1) Nobody will believe anything an RVer says about the subject. The only way would be for an RVer to privately offer some hints to an investigator.

2) As Paul kept saying, the best RV's happen when the person knows nothing about the event.

3) If ESP overlays are a real phenomenon, RV is going to be unreliable.

@Alex, I have always assumed that Building 7 collapsed because of all the stuff falling on it from the twin towers - remember, most of that stuff fell in a fairly small area. Is there a reason not to believe that scenario?

David
 
@Alex, I have always assumed that Building 7 collapsed because of all the stuff falling on it from the twin towers - remember, most of that stuff fell in a fairly small area. Is there a reason not to believe that scenario?

David
Oh boy! Where to begin?! WTC7's manner of falling is widely held within the 911 truth movement as the best evidence something is wrong with the official story. It has been discussed at length in the 911 thread in this forum. It's a complicated and technical matter with many claims and counter claims. So I think it would derail the this thread to discuss it here in great detail. But to briefly answer your concrete question I would stress the following two points:
1. According to the official report by NIST on WTC7 falling debris played no role in significantly weakening the structure. It only served to get the fires started, which NIST claims were the sole cause of the collapse.
2. There is eyewitness testimony of large explosions going off in WTC7 before the towers fell. (Google 'Barry Jennings' for details).
 
OK - I am willing to believe that the US government is capable of such an evil act, but candidly it isn't that interesting to me - certainly not as potentially interesting as remote viewing!

I guess I'm also suspicious that any one-off event can be meaningfully analysed in such detail. I mean people know how to extract information from plane crashes because there have been a fair few over the years. That doesn't stop a lot of opinions flying around, but are they really informed - I don't know.

I think I will listen to the interview again, and comment more on the other content of the interview.

David
 
Oh boy! Where to begin?! WTC7's manner of falling is widely held within the 911 truth movement as the best evidence something is wrong with the official story. It has been discussed at length in the 911 thread in this forum. It's a complicated and technical matter with many claims and counter claims. So I think it would derail the this thread to discuss it here in great detail. But to briefly answer your concrete question I would stress the following two points:
1. According to the official report by NIST on WTC7 falling debris played no role in significantly weakening the structure. It only served to get the fires started, which NIST claims were the sole cause of the collapse.
2. There is eyewitness testimony of large explosions going off in WTC7 before the towers fell. (Google 'Barry Jennings' for details).
agreed. but the real story here is that Paul is making all these claims without having seen the published, unedited work they did. even the trailer shoots down much of what Paul is saying:
 
Alex,

In view of your interesting spontaneous RV, t might be an interesting if you went on one of Paul's courses yourself!
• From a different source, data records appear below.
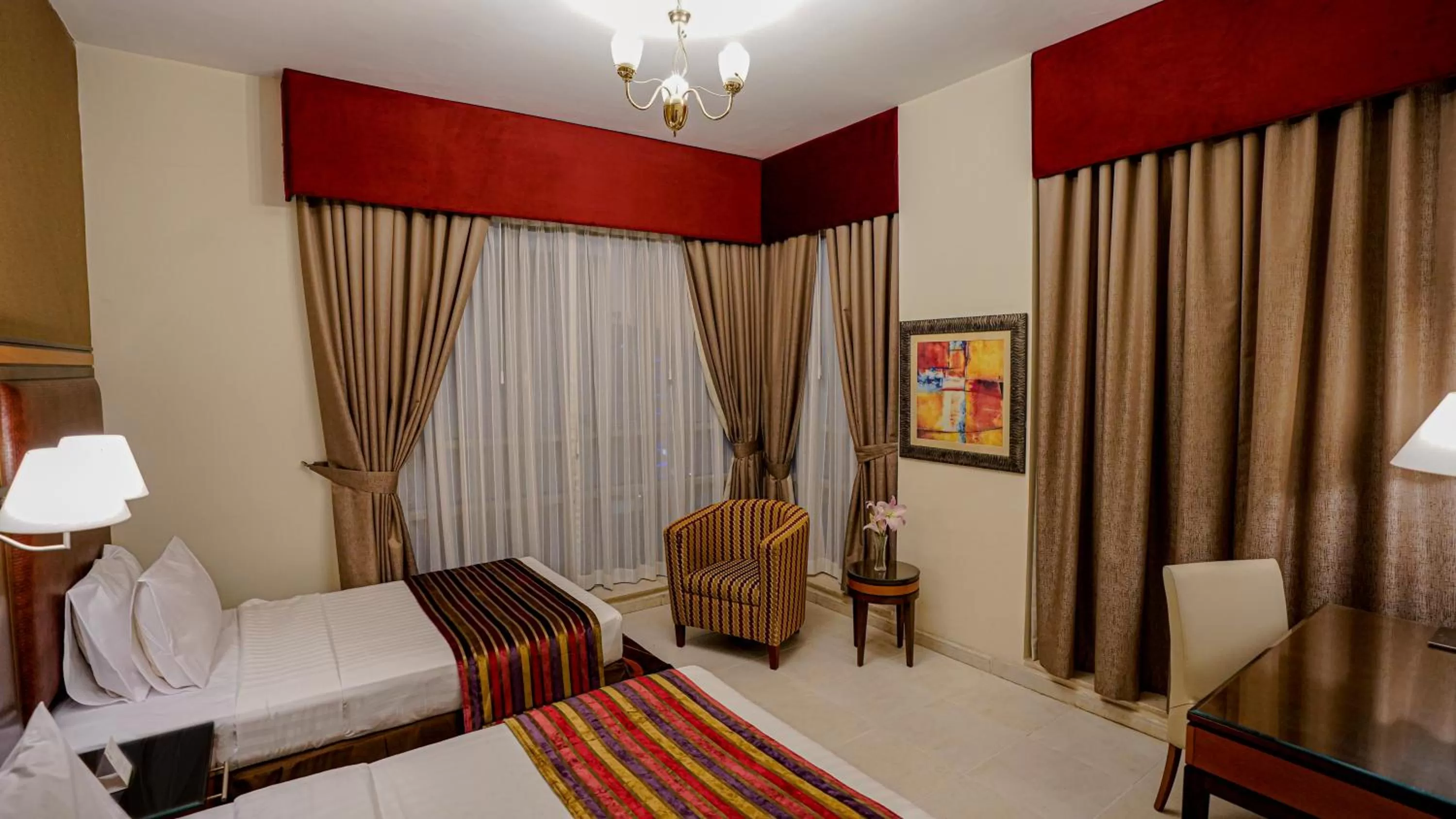 Bed in Xclusive Hotel Apartments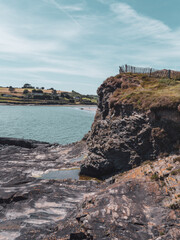 Fototapeta na wymiar A sheer stone cliff on the Atlantic Ocean in Ireland on a sunny summer day. Irish seaside landscape, clear blue sky, rock formation near water.
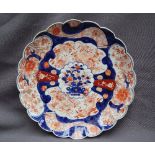 A Japanese Imari plate with a scalloped edge,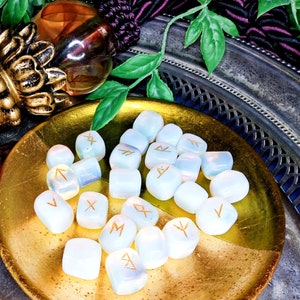 May include: A collection of opalescent rune stones with gold-colored symbols, arranged on a gold-colored plate. The stones are smooth and rounded, with a soft, glowing appearance. The background includes decorative elements and greenery.
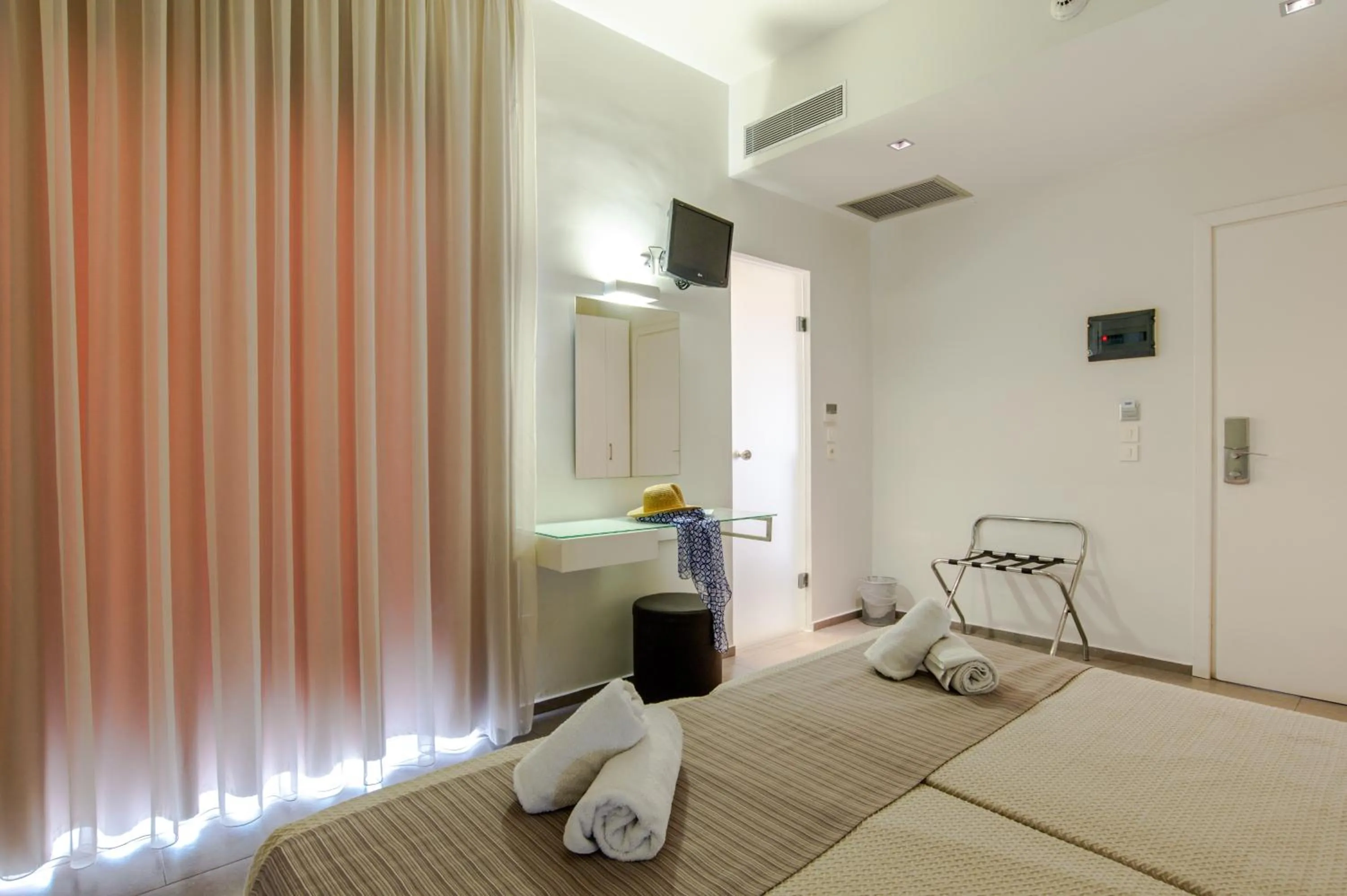 Bed in Atlantis Boutique City Hotel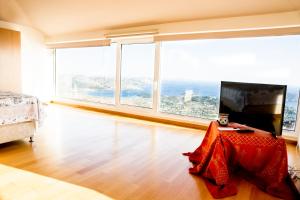 a room with a bed and a television with large windows at Viva B&B in Anavyssos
It the RV process works in real time, it should be possible to explore the accuracy of the whole process.

David
 
I really enjoyed this show.

Dr Smith seemed like a really nice and honest guy, and his experience with RV comes across as credible, authentic and very impressive. However, what also came across was that he clearly has a world view that he is comfortable with, and he doesn't want to look too hard for things which may fundamentally make his world view less comfortable. I believe the term is cognitive dissonance?
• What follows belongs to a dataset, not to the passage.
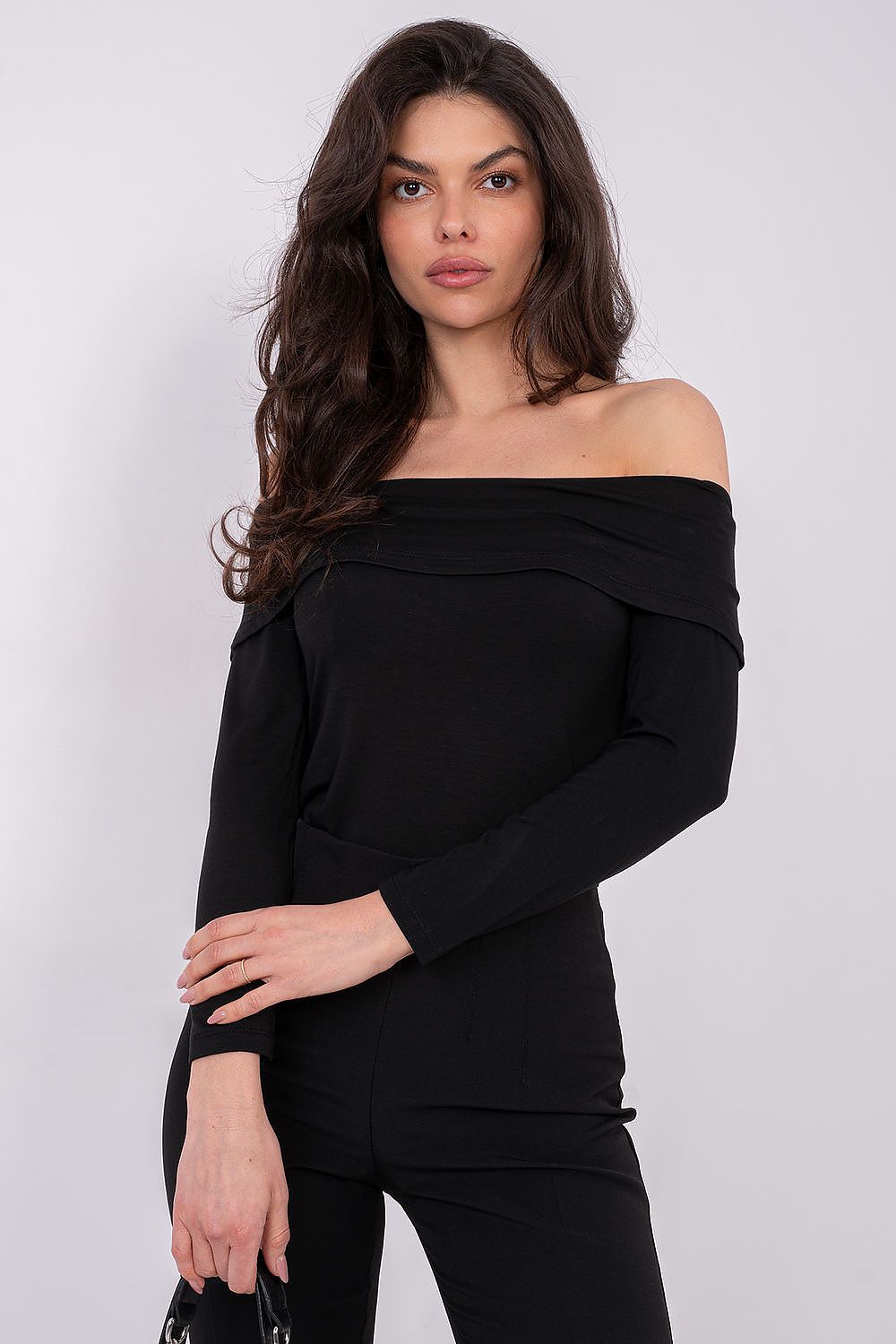 Woman wearing a black off-shoulder top against a white background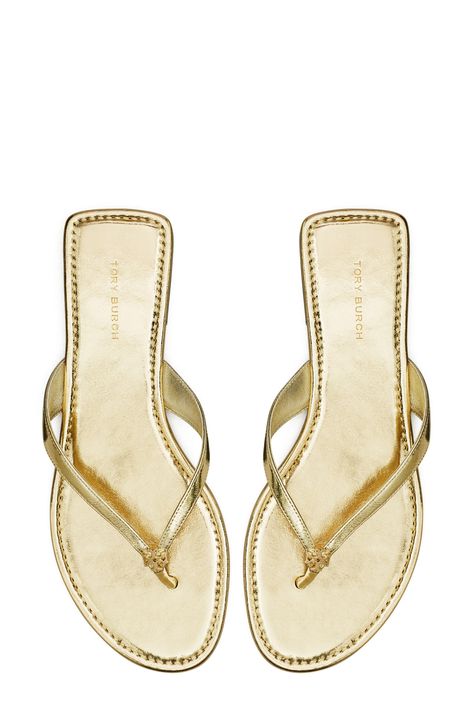 Signature logo hardware details the toe post of a versatile flip flop that will complement your warm-weather style. Flat sole Leather or synthetic upper/leather lining and sole Imported Dominican Outfits, Viva Forever, Gold Flip Flops, Tory Burch Flip Flops, Things I Need To Buy, Pretty Sandals, Dressy Shoes, Sandals Flats, Gold Flats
What I mean by this is that around four years after the events of that fateful September morning in 2001, I started to become very interested in what happened after stumbling upon what I then thought was an absolutely crazy and disrespectful suggestion that what we thought we saw, and what we were told, did not in fact happen. I nearly left it there, and had I done so, that might have been it, but I didn't. I found there were tons of questions, and tons of inconsistencies. This was incredibly uncomfortable psychologically, and filled me full of emotions like anger, fear, paranoia, helplessness etc, and something in me broke.
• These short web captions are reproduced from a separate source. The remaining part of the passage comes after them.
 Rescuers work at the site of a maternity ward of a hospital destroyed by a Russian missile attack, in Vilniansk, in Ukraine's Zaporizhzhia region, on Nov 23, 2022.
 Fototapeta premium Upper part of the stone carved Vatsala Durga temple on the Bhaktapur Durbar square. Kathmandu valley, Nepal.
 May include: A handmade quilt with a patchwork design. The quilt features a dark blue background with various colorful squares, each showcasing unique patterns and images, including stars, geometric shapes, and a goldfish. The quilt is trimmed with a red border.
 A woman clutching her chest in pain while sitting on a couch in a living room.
The reason I felt something break within me ultimately was that this new and undeniable information catapulted me from believing I lived in a world which although was full of unfairness and injustice, was largely governed and overseen by slightly ignorant, bumbling and greedy people, who were well meaning and humane with goals that were ultimately seeking to make the world a better and safer place, to the exact opposite - a world governed and overseen by insatiable and inhuman unfeeling monsters. Nobody wants to wake up in that world - and that is a real danger when one goes looking with too much interest into this particular topic.

Believe it or not, what rescued me from living in that nightmarish reality was to some degree Skeptiko - because it opened the door once again for there to be the possibility (probability) that life is more than this dark bleak meaningless and heartless world we seem to live in, and it did so in a credible fashion by looking honestly and openly at data that until then I did not even know existed (because materialism dominates the mainstream information channels so completely).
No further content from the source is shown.